Your task
Your reply must contain the lines from the one with "Building Photo - 8989 West Rd" through the last line of the material, exact and complete, with no pictures and no other text.

Information provided
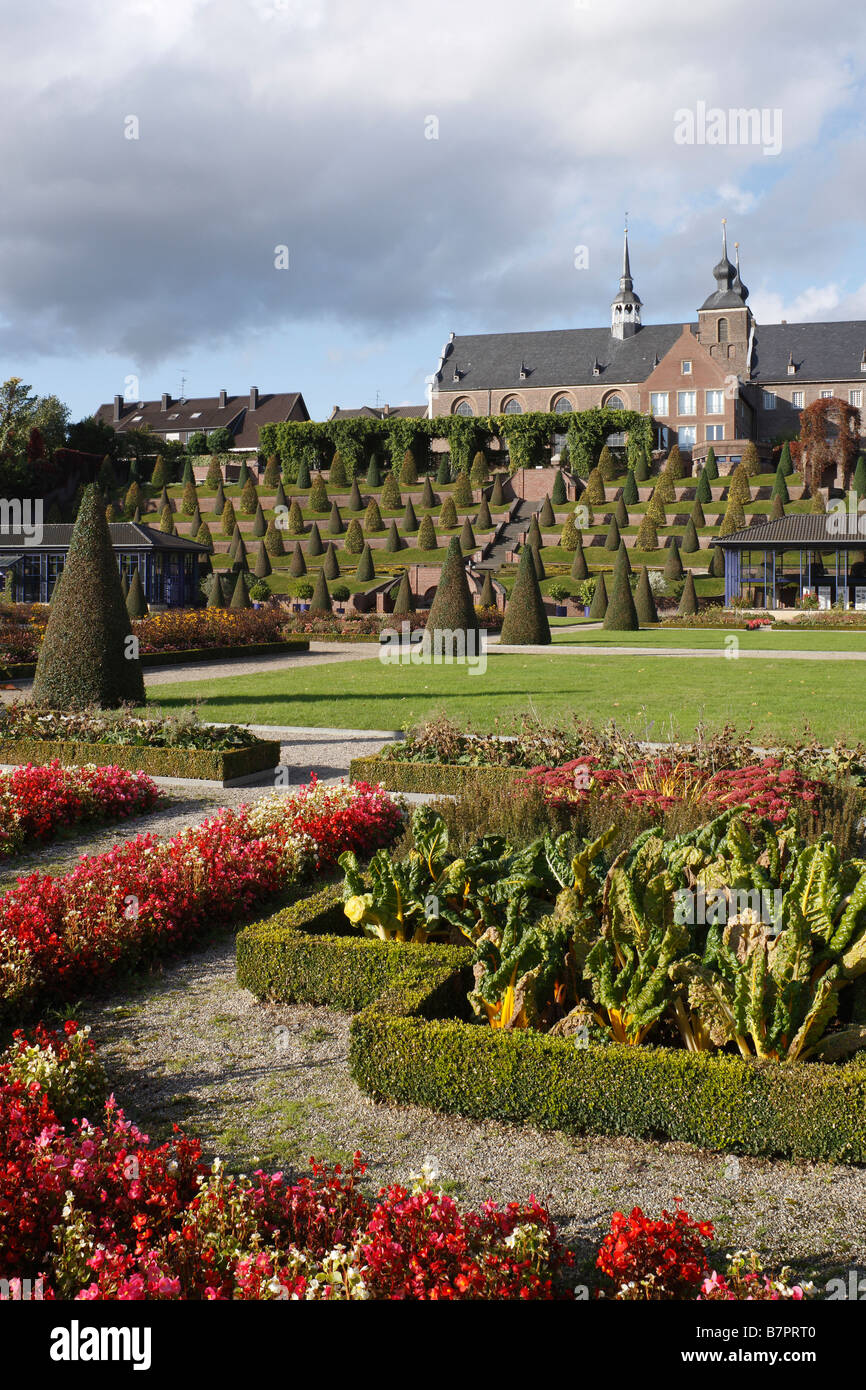 Kamp-Lintfort, Kloster Kamp, Terrassengarten, Blick auf die von Südwesten Terrassen und das Kloster Banque D'Images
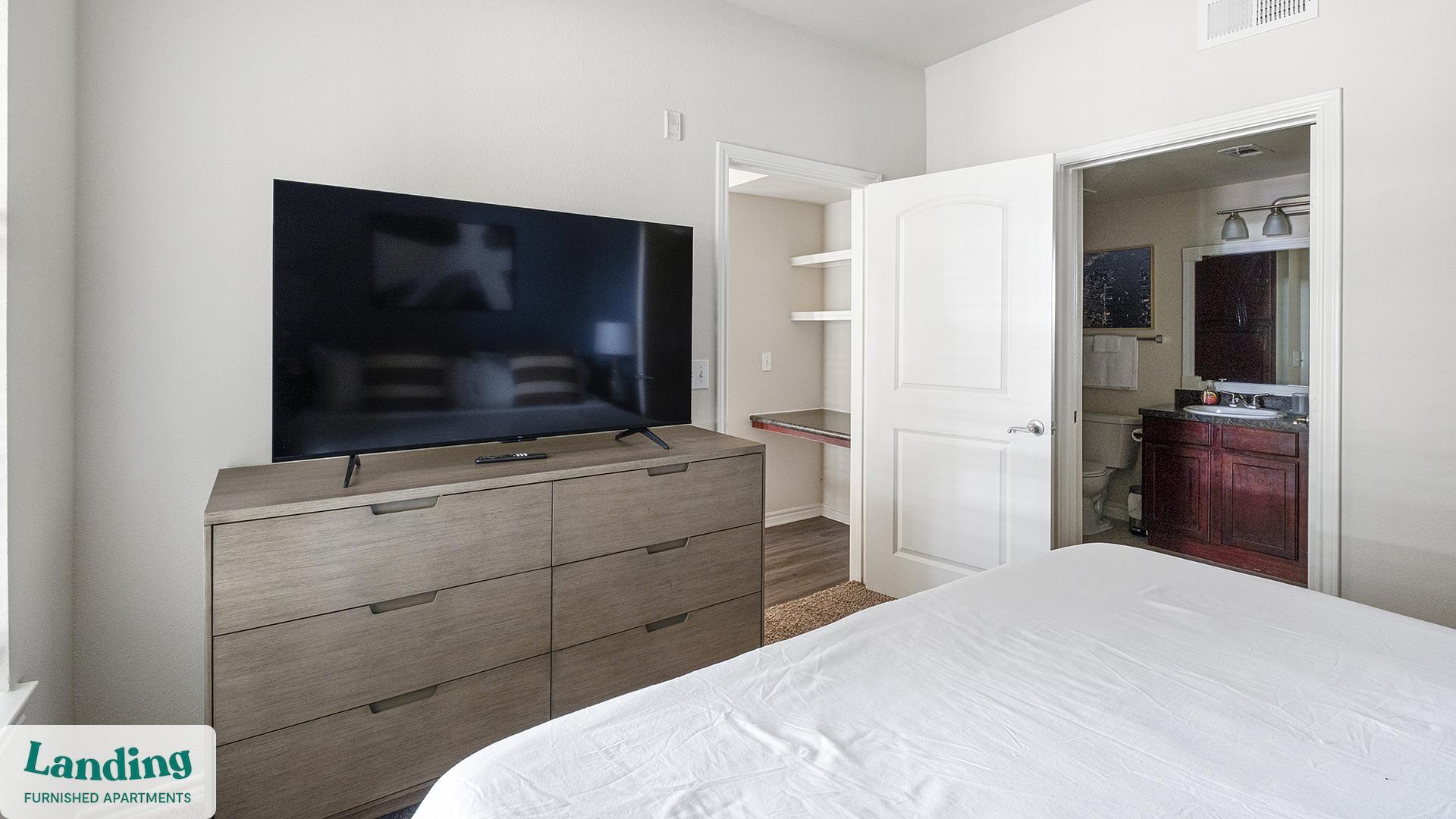 Building Photo - 8989 West Rd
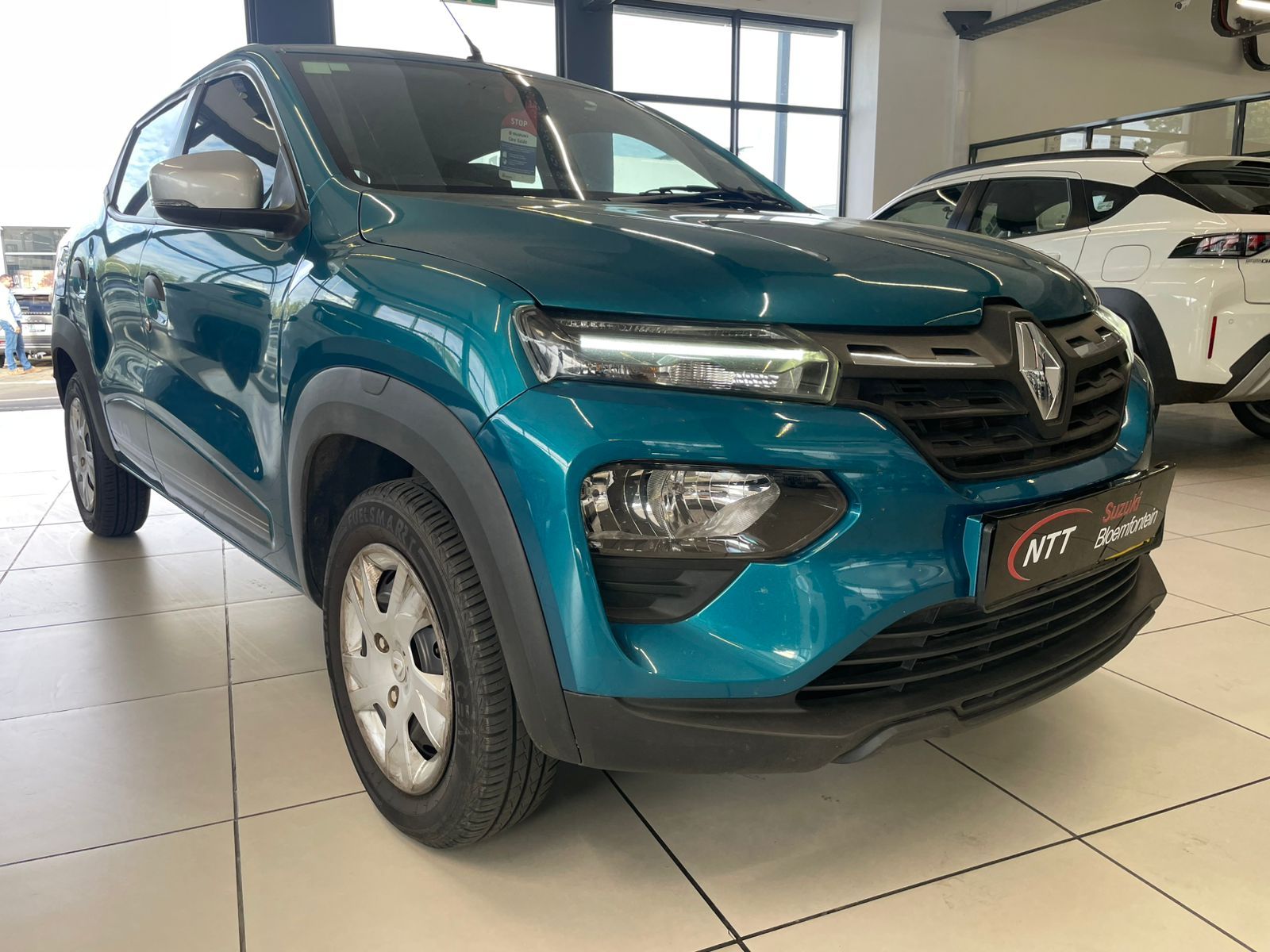 RENAULT KWID 1.0 DYNAMIQUE for Sale in South Africa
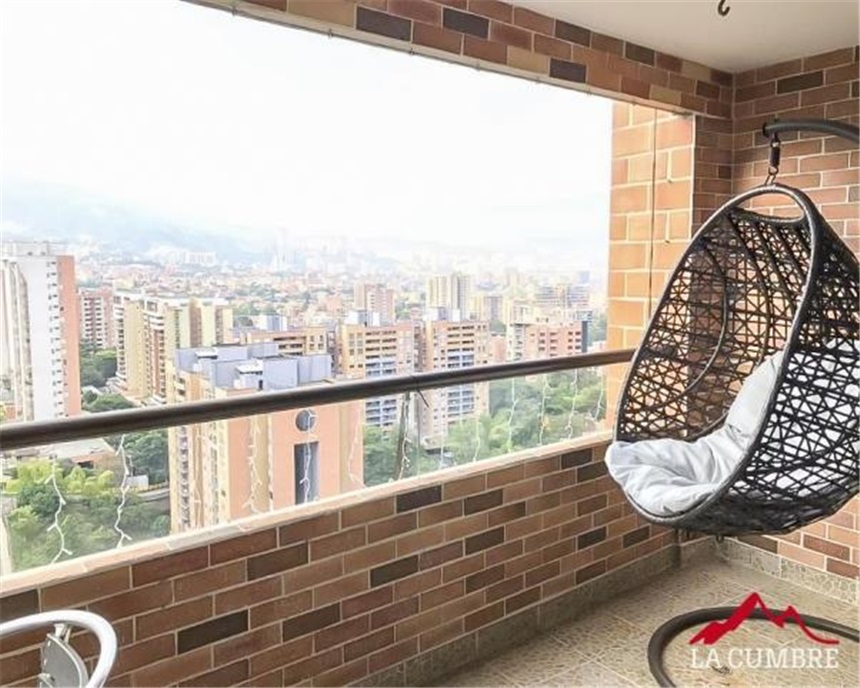 Apartamento en venta en Zuñiga, Medellín · foto 2 de 12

Reply to the task
 Building Photo - 8989 West Rd
 RENAULT KWID 1.0 DYNAMIQUE for Sale in South Africa
 Apartamento en venta en Zuñiga, Medellín · foto 2 de 12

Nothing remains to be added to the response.